Across 208 RIPE Atlas samples spanning seven probe origins over the last 30 days, here is what EWSCS looks like:
| Source → Target | Samples | min RTT | avg RTT | max RTT | SD |
|---|---|---|---|---|---|
| Mersing, MY → Penarik, ID | 88 | 15.76 ms | 227.75 ms | 560.87 ms | 211.58 ms |
| Moscow, RU → Penarik, ID | 19 | 206.93 ms | 207.14 ms | 208.45 ms | 0.35 ms |
| Tbilisi, GE → Penarik, ID | 20 | 214.81 ms | 217.47 ms | 219.53 ms | 2.15 ms |
| Minsk, BY → Penarik, ID | 20 | 223.59 ms | 226.33 ms | 238.19 ms | 4.23 ms |
| Jerusalem, IL → Penarik, ID | 20 | 227.16 ms | 227.66 ms | 228.03 ms | 0.21 ms |
| Sevastopol, UA → Penarik, ID | 20 | 226.97 ms | 231.69 ms | 253.07 ms | 7.14 ms |
| Almaty, KZ → Penarik, ID | 21 | 248.32 ms | 260.90 ms | 346.34 ms | 27.32 ms |
The pattern is strange enough to merit a second reading. When we measure from the cable's own landing point in Mersing, just 950 km from Penarik, latency varies wildly between 16 ms and 561 ms — a 35× spread. When we measure from Jerusalem, almost 8,000 km away through five hops of trans-Asia infrastructure, the round-trip is rock-stable at 227 ms with a standard deviation of 0.21 ms.

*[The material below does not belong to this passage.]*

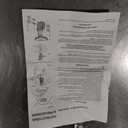 Front Spring Strut Shock Absorber Fit for FWD 2005 2006 2007 Buick Terraza/Saturn Relay, 2005 2006 2007 2008 2009 Chevy Uplander/Pontiac Montana, Complete Coil Struts Assembly Replace for 172231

This is a familiar paradox in network measurement, but EWSCS makes it especially vivid. The cable itself is 950 km of glass with a fixed forward delay of about 4.7 ms. Once you pay that physical cost, the rest of any RTT comes from access networks, peering decisions, and queue depth at each hop along the path.
From Jerusalem, the path to Penarik is dominated by long-haul trans-Asia trunks (Europe→Egypt→India→Singapore→Indonesia, give or take), each constrained by its own physics floor. The path is long but mostly fibre between large IXes, where queuing is minimal. The result: variance averages out via something like the central limit theorem at the network layer.
From Mersing, however, the path to Penarik is dominated by Malaysian and Indonesian last-mile infrastructure — networks designed primarily for residential and enterprise traffic with deep buffers and significant peak-hour congestion. A 950 km hop touches more "messy" infrastructure as a percentage of total distance than an 8,000 km hop does. Short paths see the messiness up close; long paths smooth it out.
The 35× variance on Mersing→Penarik strongly hints at asymmetric routing. The minimum measured RTT of 15.76 ms is just 1.7× the physics floor — close enough to indicate that ICMP packets in the forward direction probably do traverse EWSCS as expected. But the average climbing to 227 ms, and a maximum of 560 ms, tells us the return packets from Penarik are taking a very different path.
One plausible explanation: forward packets from Mersing follow a short BGP-preferred route across EWSCS, while return packets from Penarik are sometimes routed through Jakarta or Singapore IX peering, then back across alternate cables, before reaching Mersing. When those alternate paths are uncongested, the round-trip ratio still feels reasonable; when congestion hits, RTT balloons to 500+ ms. The signature is exactly what we see: very low minimum (one direction uses the cable) and very high maximum (the return takes a long detour).
EWSCS is by design a regional asset — Sacofa-owned, terminating at minor coastal sites rather than mega-IXes — and the measurement story it tells is also regional. Most of our other cables in this dossier carry trans-oceanic traffic, where path symmetry is enforced by the small number of viable carriers. Regional cables like EWSCS sit in a denser mesh where alternate paths are abundant, BGP decisions cheap to make, and asymmetry the norm rather than the exception.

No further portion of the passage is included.